Cheese Tortellini Soup by Andrea McCoy. Photo by Jill St. George.

There’s just something about soup. It wraps you up like a big bear hug and warms you from the inside out. I love the simple rhythm of making soup. First the chopping, then the stirring, until finally it’s time to ladle up bowls and pass them around the table.

As the leaves begin to shimmer in shades of red, orange and yellow and the days shorten, beginning their slow and steady descent toward winter, soup season begins. It is a comforting welcome.

My favorite fall soup recipe is a riff on minestrone. That’s the beauty of soup: it doesn’t usually require precise ingredients. It leaves room to swap and experiment.
So go ahead, test out this quick and easy cheese tortellini soup recipe, then make it your own. Swap kale for spinach and throw in some zucchini or potatoes.

Cheese Tortellini Soup
•    1 lb. pork Italian sausage
•    1 medium sweet or yellow onion, chopped
•    3 carrots, chopped
•    3 stalks celery, chopped
•    3 cloves garlic, chopped
•    1 tablespoon olive oil
•    1-28 oz. can San Marzano diced tomatoes (any diced tomatoes work, but San Marzano really do make a difference)
•    2 tablespoons balsamic vinegar
•    2 tablespoons honey
•    3-32 oz. boxes chicken stock (12 cups)
•    1 box cheese or pesto tortellini
•    1-6 oz. bag of spinach
•    Salt and pepper to taste

In a large stock pot (think 6 to 8 quarts — this recipe makes a big pot of soup) brown the Italian sausage until cooked through.
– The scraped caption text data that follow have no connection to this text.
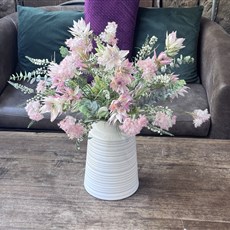Pretty Pink Artifical Vase 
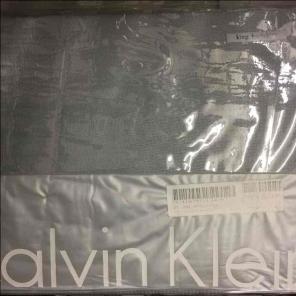 Calvin Klein Lake Blue King Bedskirt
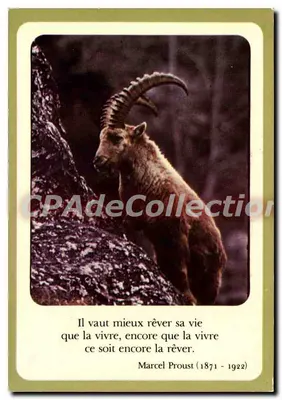 Bouquetin des Alpes — Marcel Proust (1871-1922) — Linda Color S.A. - 10067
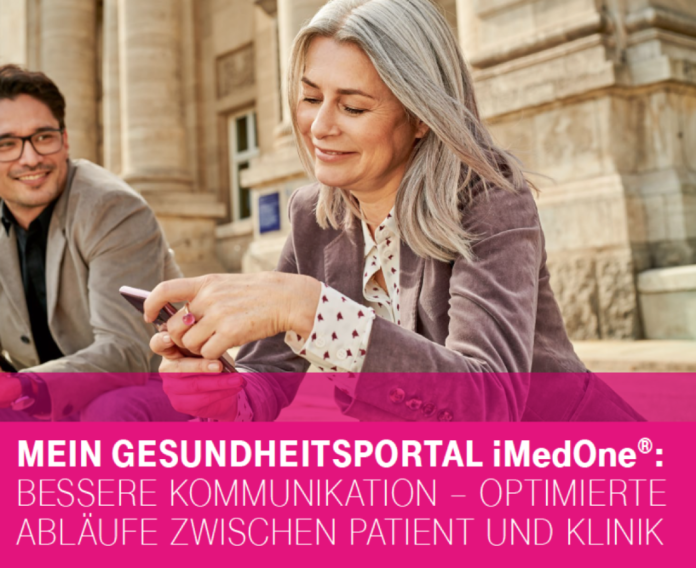 Mit einer neuen App für Patienten hat die Telekom das Krankenhausportal iMedOne um einen Service erweitert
Set meat aside. In the same pot, drizzle in olive oil, toss in veggies and sauté until the onion is soft and translucent. Salt and pepper the vegetables. Add garlic and sauté for two more minutes. Add tomatoes, Italian sausage, balsamic vinegar and honey. Stir to combine. Add chicken stock and tortellini. Bring soup to a slow boil, stirring often until tortellini have plumped up and cooked through. Stir in spinach and let simmer on low, stirring often, until ready to serve. It’s important to stir and taste, stir and taste to make sure the broth is rich and flavorful.
I serve this soup with crusty bread, a sprinkle of salty parmesan cheese and a glass of hearty cabernet sauvignon. On that first cold night in fall, when the leaves are blowing around and you have to dig to find your favorite forgotten sweatshirt, this is the perfect recipe for dinner. … A warm hug on a cool night.